I sacchetti per l’umido “non sono biodegradabili” quanto dovrebbero, la scoperta che manda all’aria la differenziata degli italiani
Il processo industriale, che negli impianti di riciclo, per esigenze lavorative, dovrebbe essere rapidissimo, è decisamente lento. Quando il compost esce dagli impianti contiene infatti grandi quantità di microplastiche sfuggite ai macchinari che possono rimanere nei terreni anche per lunghi periodi
I sacchetti per l’umido, quelli che da anni gli italiani usano per gettare via i rifiuti organici che vengono prodotti quotidianamente in casa, potrebbero non esser “sufficientemente biodegradabili”. A scoprire l’amara verità, che ora mette in crisi tutta la filiera del riciclo, uno studio condotto dal Fraunhofer Institute for Chemical Technology, che ha monitorato i flussi dei rifiuti organici di 10 mila famiglie scoprendo ciò che non si sarebbe mai voluto scoprire. Lo studio, condotto in collaborazione con le Università di Bayreuth, Hohenheim e BEM Umweltservice GmbH, ha infatti portato alla luce numerose prove che dimostrano l’inadeguatezza dei sacchetti. I problemi riscontrati sarebbero tanti e di una tale gravità dal portare i ricercatori a “non raccomandare l’uso dei sacchetti”, e anzi di consigliare, come alternativa, l’utilizzo delle buste di carta…

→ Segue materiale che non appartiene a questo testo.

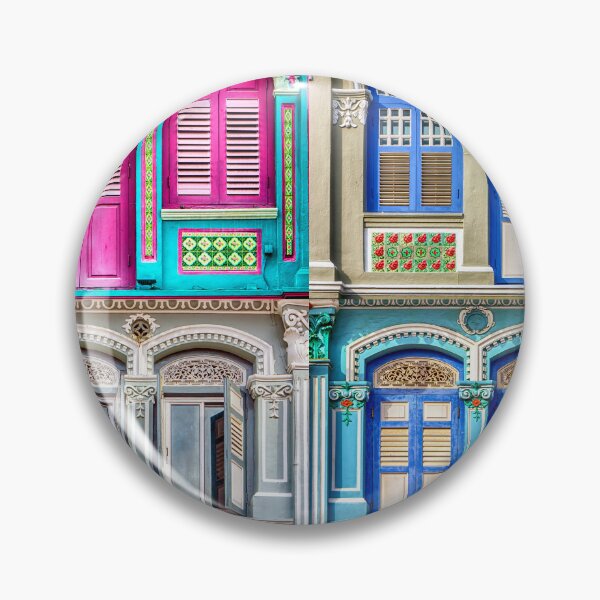 Item preview, Singapore, Heritage Shophouses of Singapore designed and sold by John Seaton Callahan.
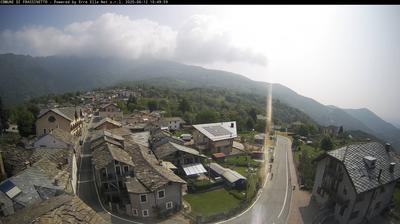 immagine della webcam nei dintorni di Ronco Canavese: webcam Frassinetto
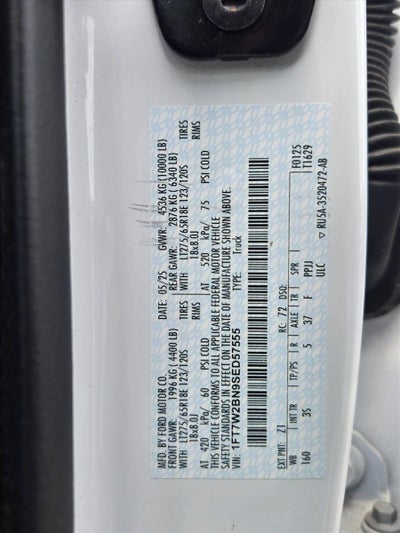 2025 Ford Super Duty F-250 SRW XL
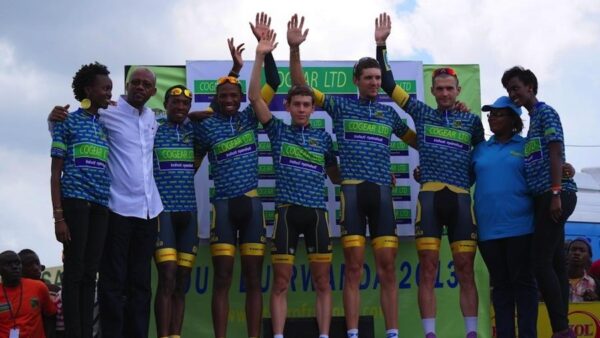 Team MTN-Qhubeka places four riders in top ten in Rwanda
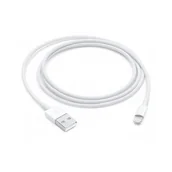 Kable USB - APPLE ORYGINALNY KABEL USB MD818ZM/A IPHONE LIGHTING 8-PIN 1M BULK BEZ OBWÓDKI / ZW - miniaturka - grafika 1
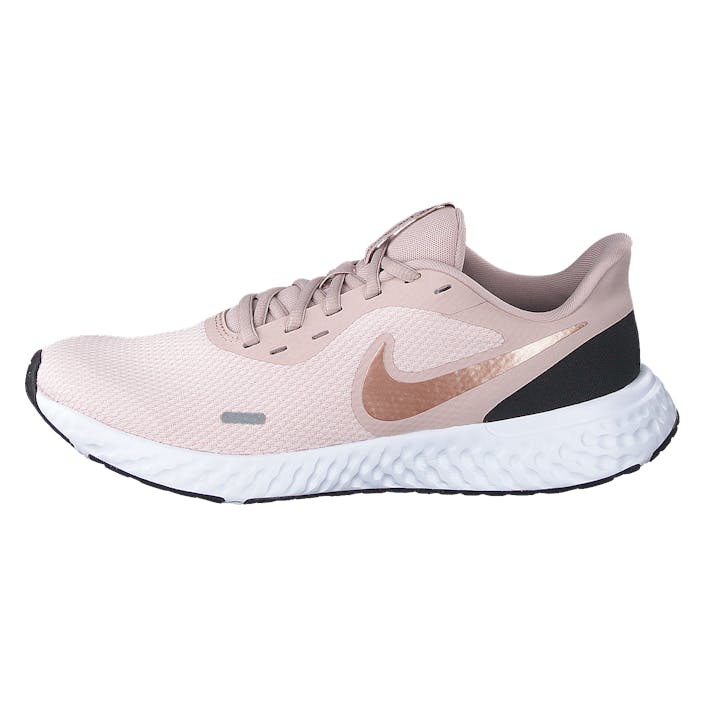 Wmns Revolution 5 Barely Rose/ Mtlc Red Bronze, Female, Shoes, Trainers, Trainers, Brown/Pink/Grey/White, EU 40,5 (UK 6,5)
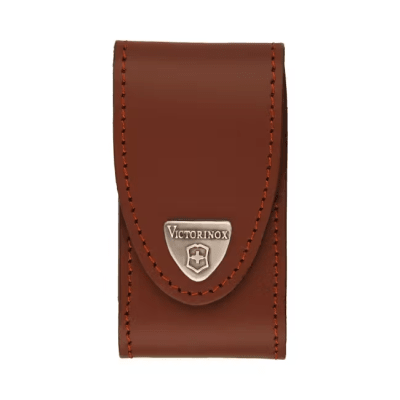 Funda de Piel color Café para Navajas Mediana Victorinox. | 500761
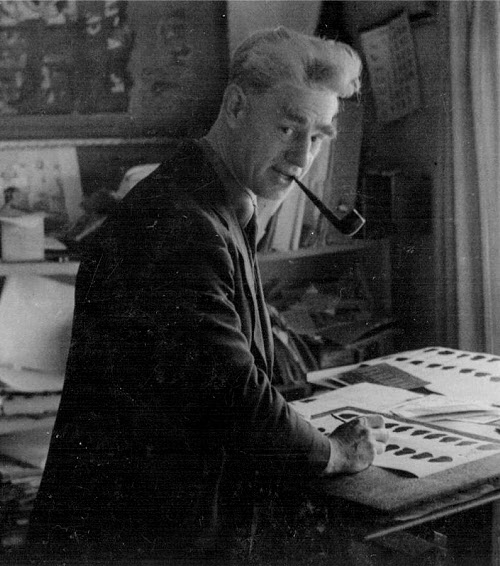Horace Brooke 1950s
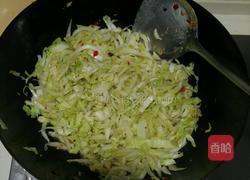 美丽姐之白菜肉丝，超入味的喔。的做法图解5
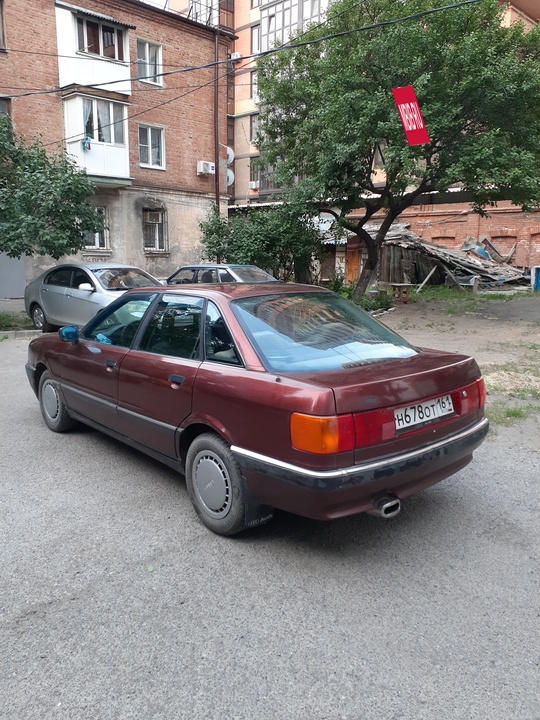 Audi 90 B3, 1991 год, 220 000 рублей, 10 фотография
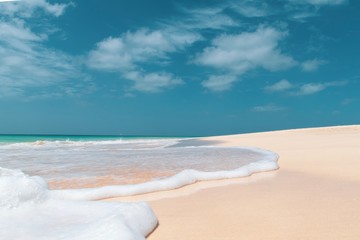 Capo Verde beach scene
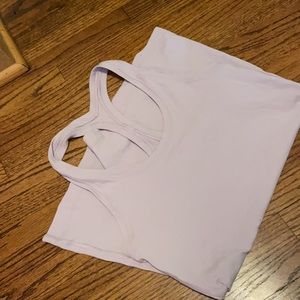 Light purple lululemon align tank; worn once
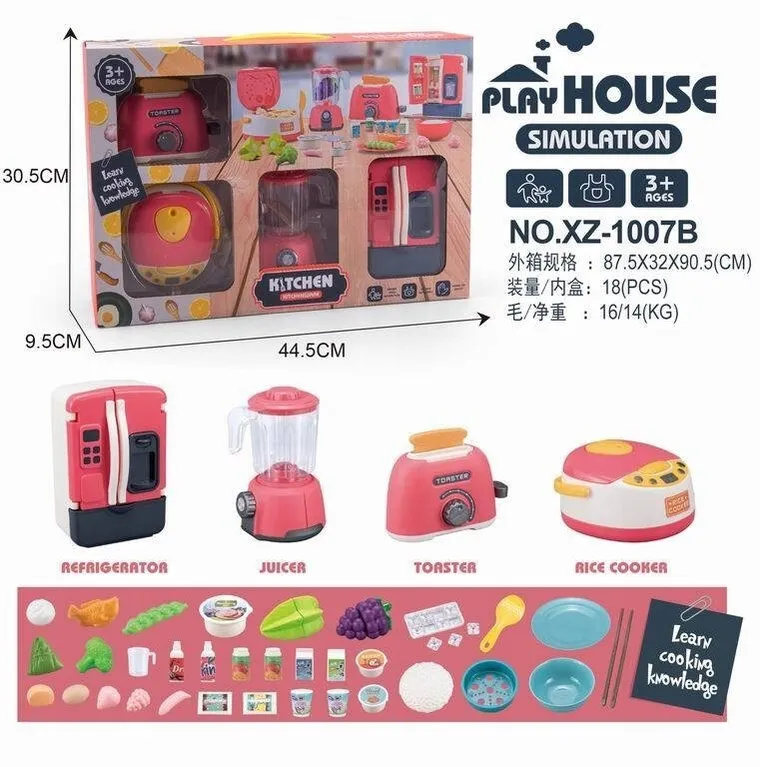 Maksik, zestaw AGD dla lalek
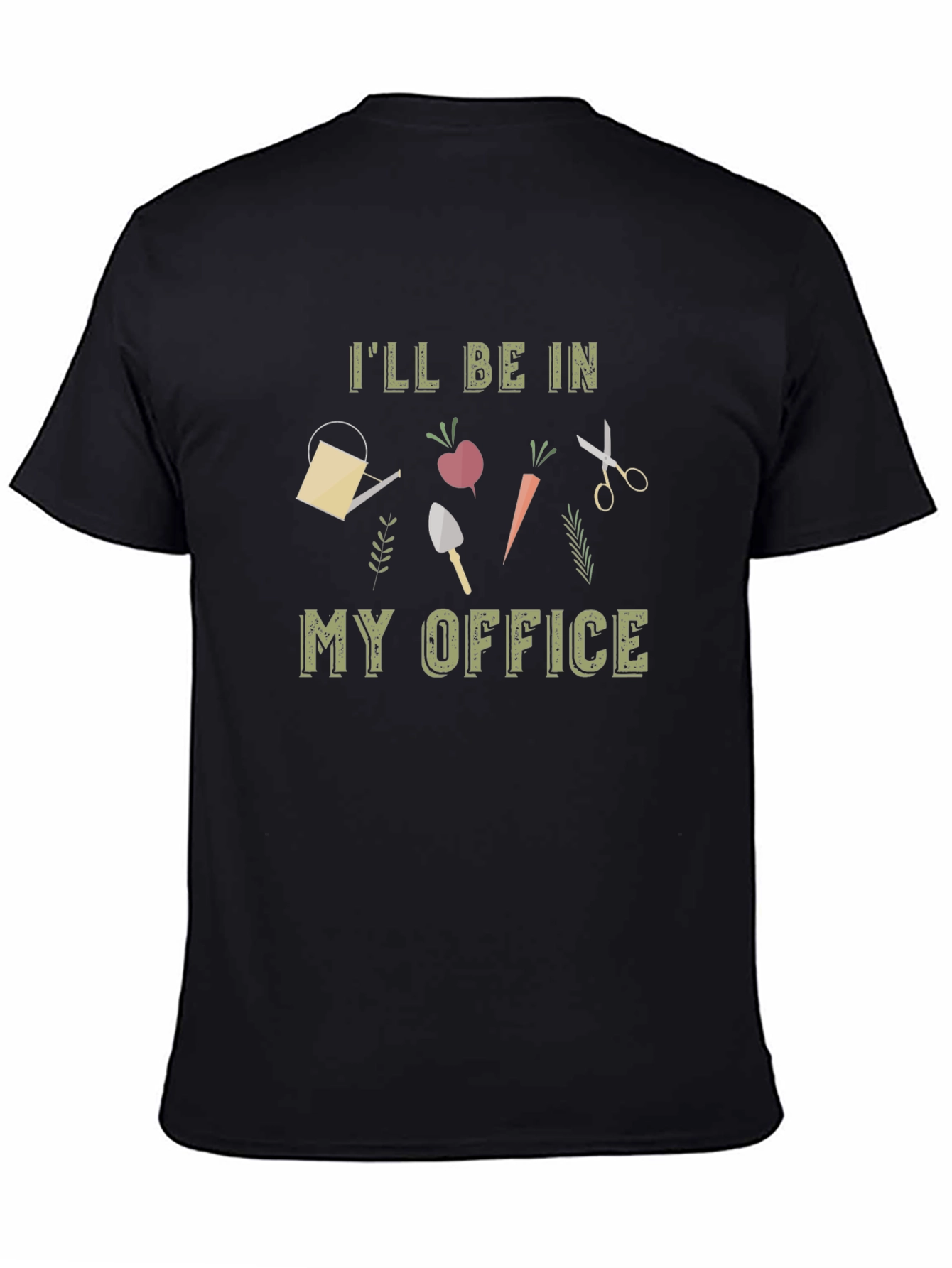 Gardeners Office T-Shirt - Gardening Lover Tee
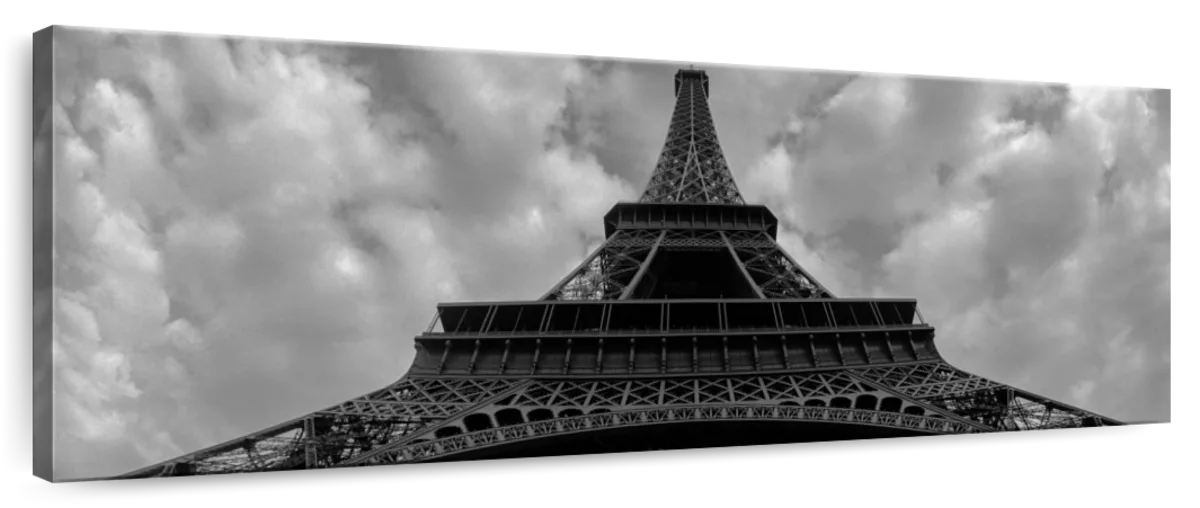 Eiffel Panoramica Wall Art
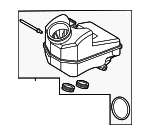 JX6Z2L210G - Body: Master Cylinder Repair Kit for Ford: Bronco Sport, Escape, Maverick Image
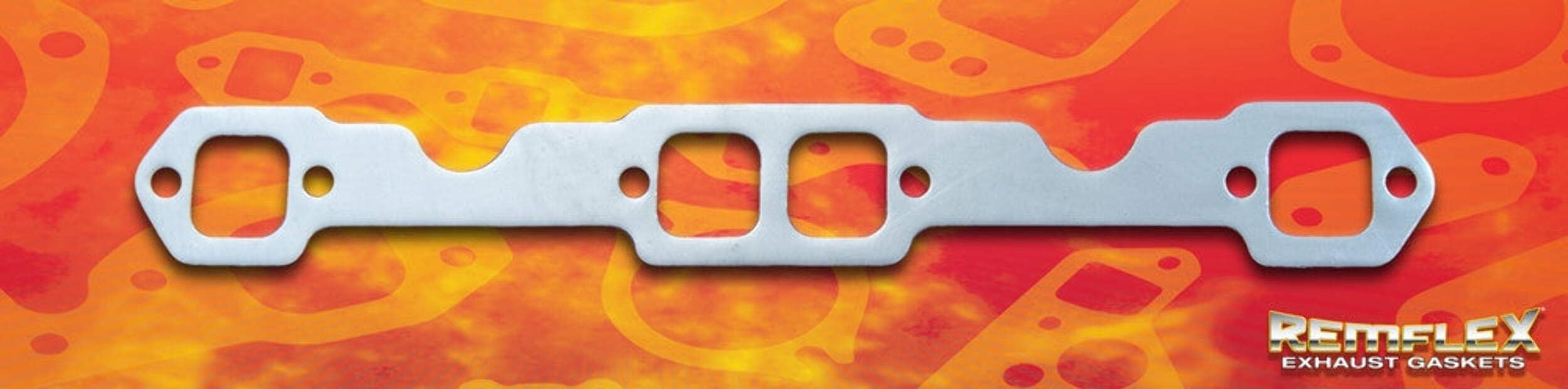 Gasket-GM Exhaust V8 SB Code: Mitch SP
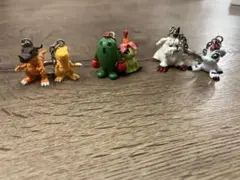デジモン レトロ　希少　キーホルダー 3点セットのサムネイル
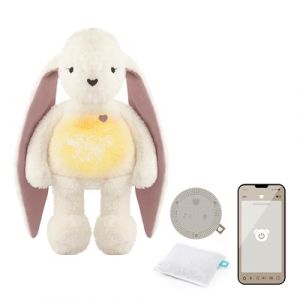 myHummy Bunny écru-rose Duo Ours endormi avec application – Berceuses et bruit blanc (Szumisie, neuf)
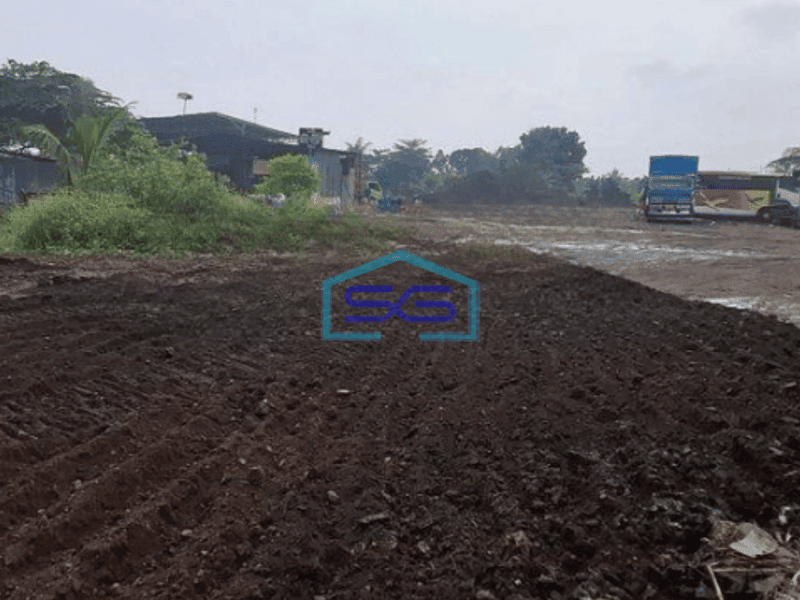 Dijual Tanah Murah Luas 60000 m² Lokasi Strategis di Pinggir Jalan Balaraja Tangerang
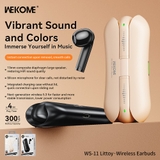 Tai Nghe Bluetooth Wekome WS-11 Littoy Wireless Earbuds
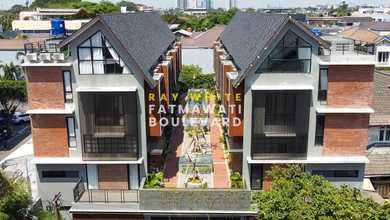 Kemang Jakarta Rumah Minimalis Modern Baru Unfurnished SHM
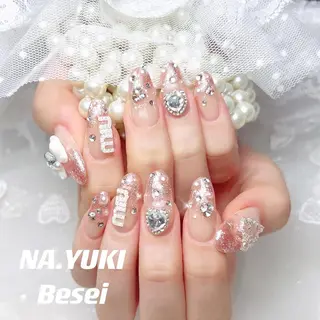 ネイル YUKI 💗 渋谷店のネイルデザイン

Il test condotto dal Fraunhofer Institute
L’equipe di ricercatori ha fornito alle 10mila famiglie partecipanti ai test un uguale quantitativo di sacchetti per l’umido. Questi, tuttavia, non erano tutti identici ai nuclei famigliari sono stati consegnati kit misti, con buste realizzati con diversi materiali biodegradabili. Seguendo poi il percorso dei sacchetti è stato possibile comprendere meglio come i suddetti materiali venivano gestiti e trasformati negli impianti che trattano l’organico. Nelle strutture, fa presente un portavoce dell’equipe di specialisti, avviene un tentativo di separazione tra il contenitore, cioè la busta, e il vero e proprio contenuto. La separazione serve a migliorare la qualità del compost prodotto, che poi viene destinato al settore agricolo.
Microplastiche nel compost destinato all’agricoltura
Come prima cosa è stato evidente notare che l’esiguo tempo trascorso da questi materiali all’interno di un impianto di riciclo non consente al sacchetto di degradarsi completamente. Ciò, in qualche modo, porta inevitabilmente le buste a “fondersi” con i rifiuti. Il materiale a questo punto va comunque trattato. Il risultato? E’ un compost contaminato da un’infinità di particelle microplastiche, la maggior parte delle quali di diametro inferiore al millimetro, ma pur sempre in grado di rimanere nei terreni per lunghi periodi.
E allora quale potrebbe esser la soluzione al problema?
Finché gli impianti di riciclo non saranno migliorati, così dall’esser in grado di separare con maggior efficienza i sacchetti bio dal materiale organico, gli scienziati del Fraunhofer Institute suggeriscono di “mettere da parte le buste biodegradabili” e servirsi invece dei comuni sacchetti di carta. Anche questa soluzione, fanno notare gli ambientalisti, è tuttavia imperfetta. L’utilizzo massiccio di sacchetti di carta potrebbe avere un impatto negativo sulle foreste, e anche in quel caso andrebbe valutato con molta attenzione.